BEGIN The data
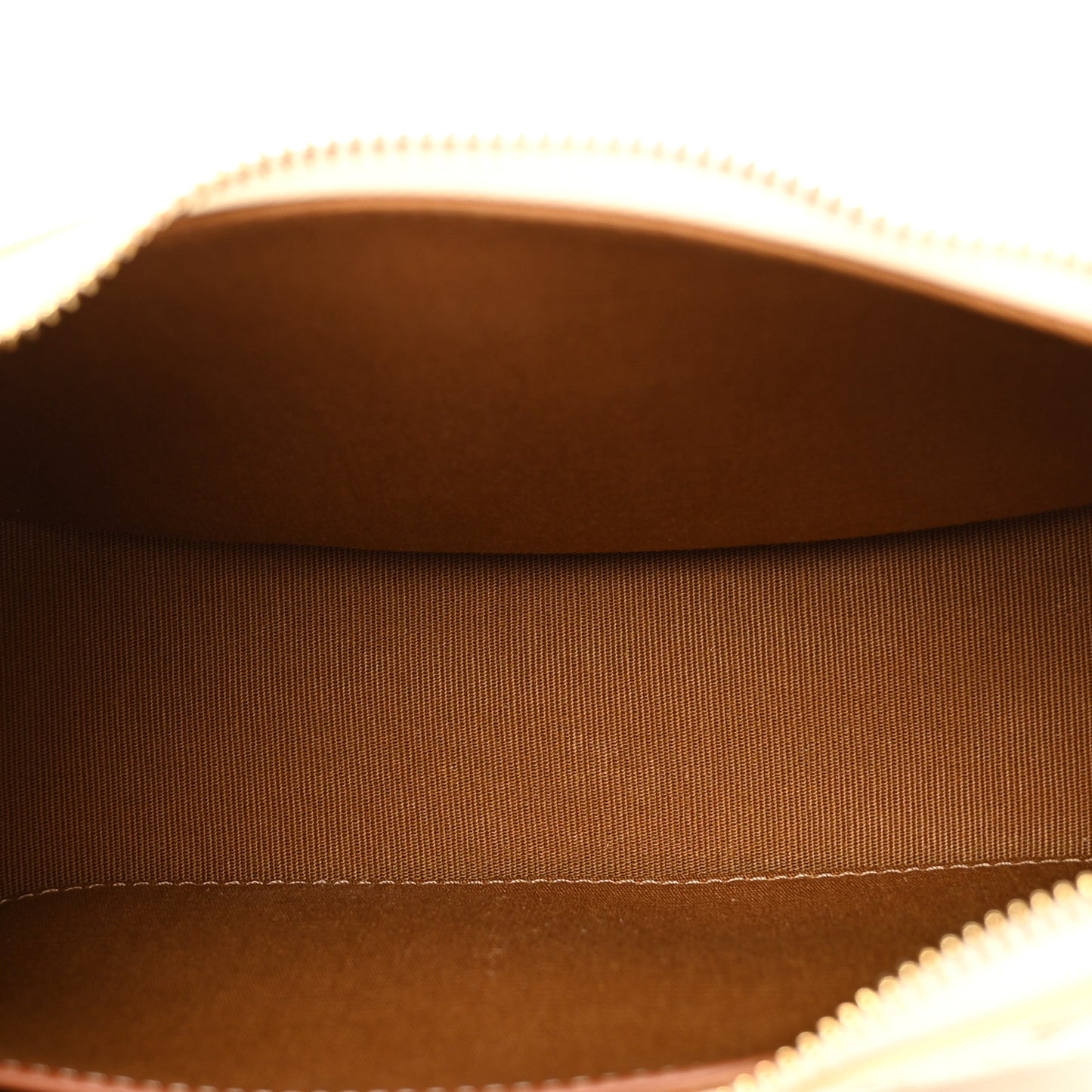 Canvas Calfskin Ava Triomphe Shoulder Bag White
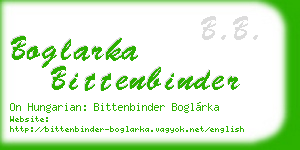 boglarka bittenbinder business card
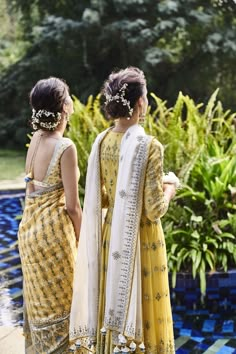 We embrace the season of love and life with hues of marigolds and sunflowers.... Summer is incomplete with a sun-kissed yellow, isn't it? #summer #Indian Colour Hairstyles, Anita Dongre, Modern Saree, Desi Clothes, Indian Couture, Hairstyles Wedding, Desi Style, Indian Dress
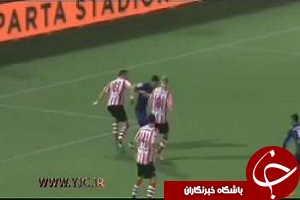 پاس گل لایی قوچان نژاد مقابل اسپارتا روتردام + فیلم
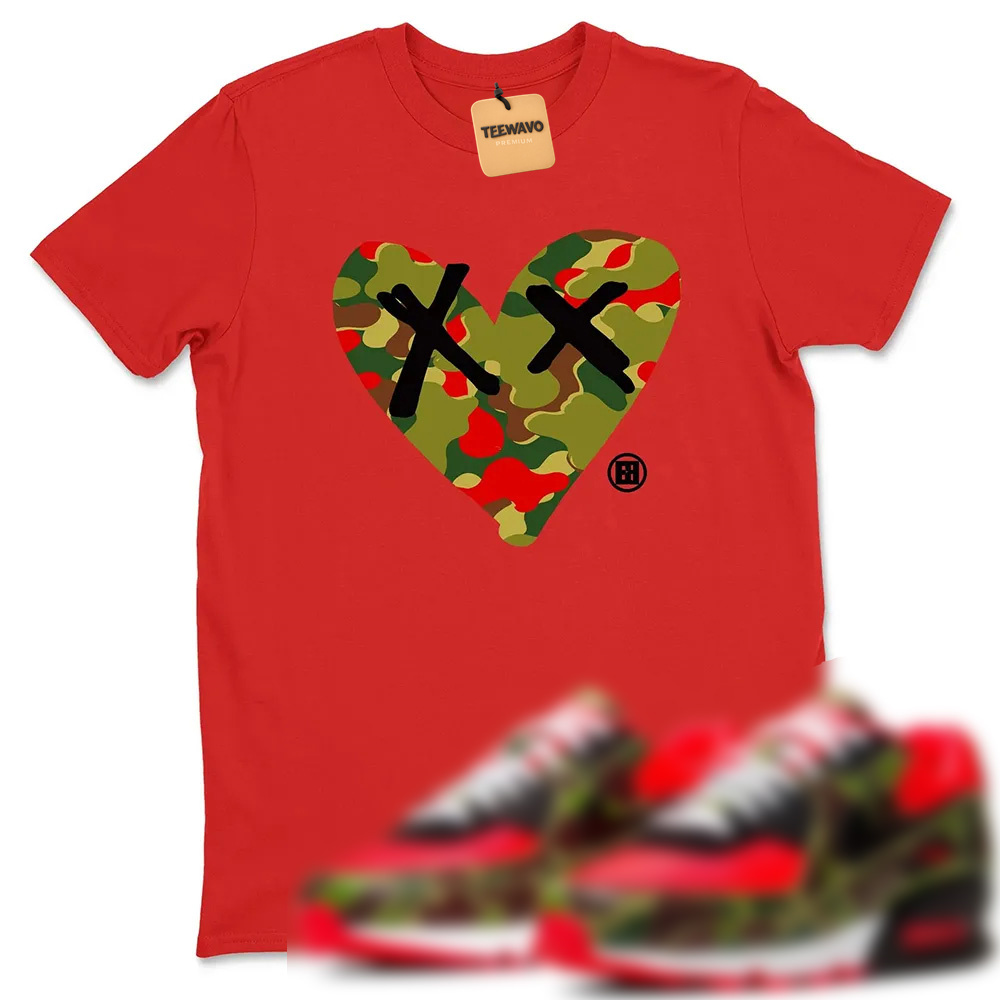 Camo Heart TEEWAVO Sneaker Tees - Air Max 90 Reverse Duck Camo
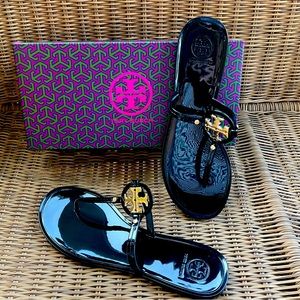 NIB Tory Burch Mini Miller Jelly Sandal, Size 9, Black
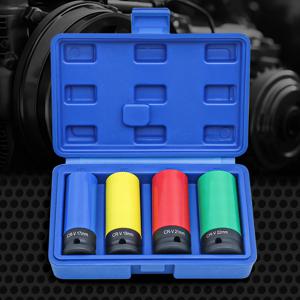 1/2인치 드라이브 러그 너트 소켓 세트 드라이브 휠 소켓 자동차 수리 보호대 임팩트 슬리브 세트 15mm, 17mm, 19mm, 21mm, 22mm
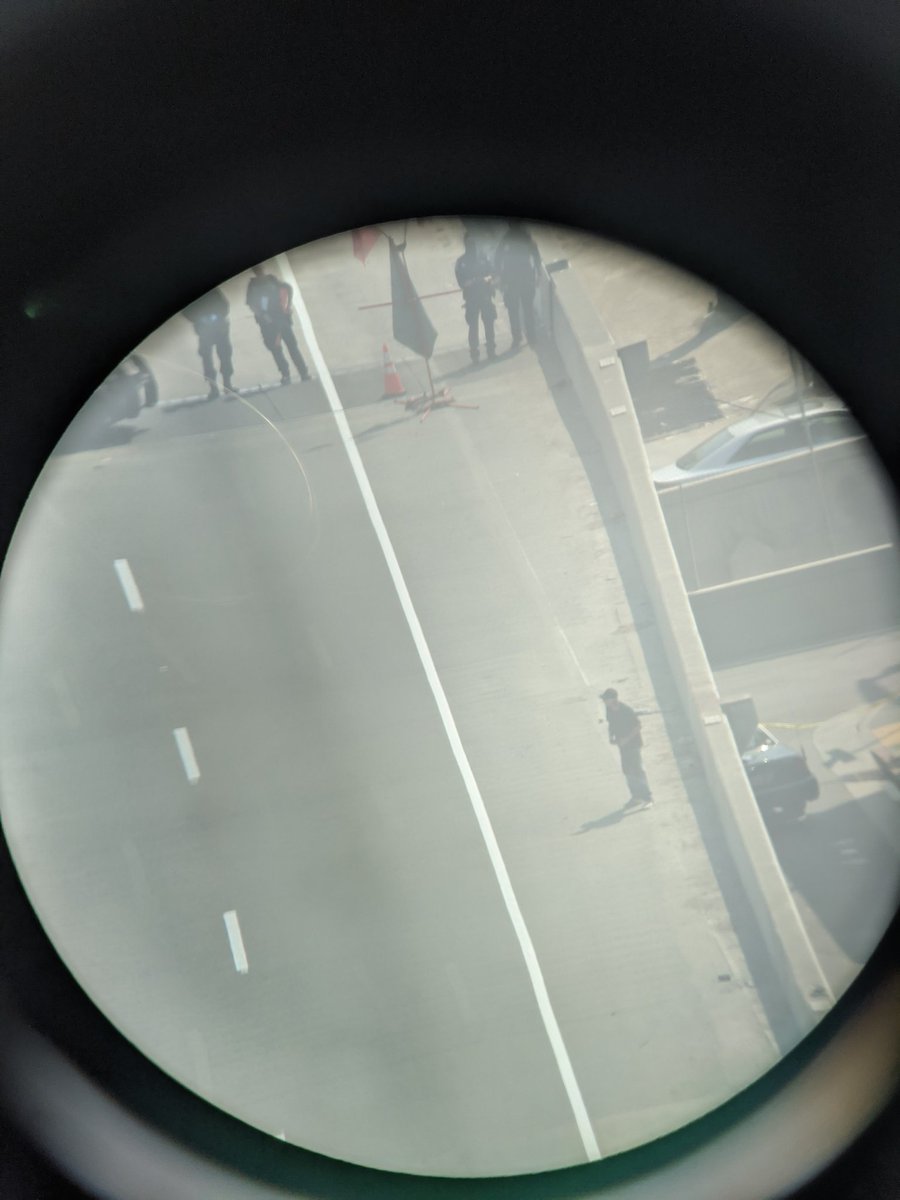 behjat's tweet photo. The standoff between the police and a mentally ill person on the #BayBridge that has resulted in major traffic jam and closure for at least the past 2 hours. https://t.co/ugwSXDKmvP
END The data
What is being asked: A word-for-word copy of the records is needed, with no pictures carried over.

Task solution:
 Canvas Calfskin Ava Triomphe Shoulder Bag White
 boglarka bittenbinder business card
 We embrace the season of love and life with hues of marigolds and sunflowers.... Summer is incomplete with a sun-kissed yellow, isn't it? #summer #Indian Colour Hairstyles, Anita Dongre, Modern Saree, Desi Clothes, Indian Couture, Hairstyles Wedding, Desi Style, Indian Dress
 پاس گل لایی قوچان نژاد مقابل اسپارتا روتردام + فیلم
 Camo Heart TEEWAVO Sneaker Tees - Air Max 90 Reverse Duck Camo
 NIB Tory Burch Mini Miller Jelly Sandal, Size 9, Black
 1/2인치 드라이브 러그 너트 소켓 세트 드라이브 휠 소켓 자동차 수리 보호대 임팩트 슬리브 세트 15mm, 17mm, 19mm, 21mm, 22mm
 behjat's tweet photo. The standoff between the police and a mentally ill person on the #BayBridge that has resulted in major traffic jam and closure for at least the past 2 hours. https://t.co/ugwSXDKmvP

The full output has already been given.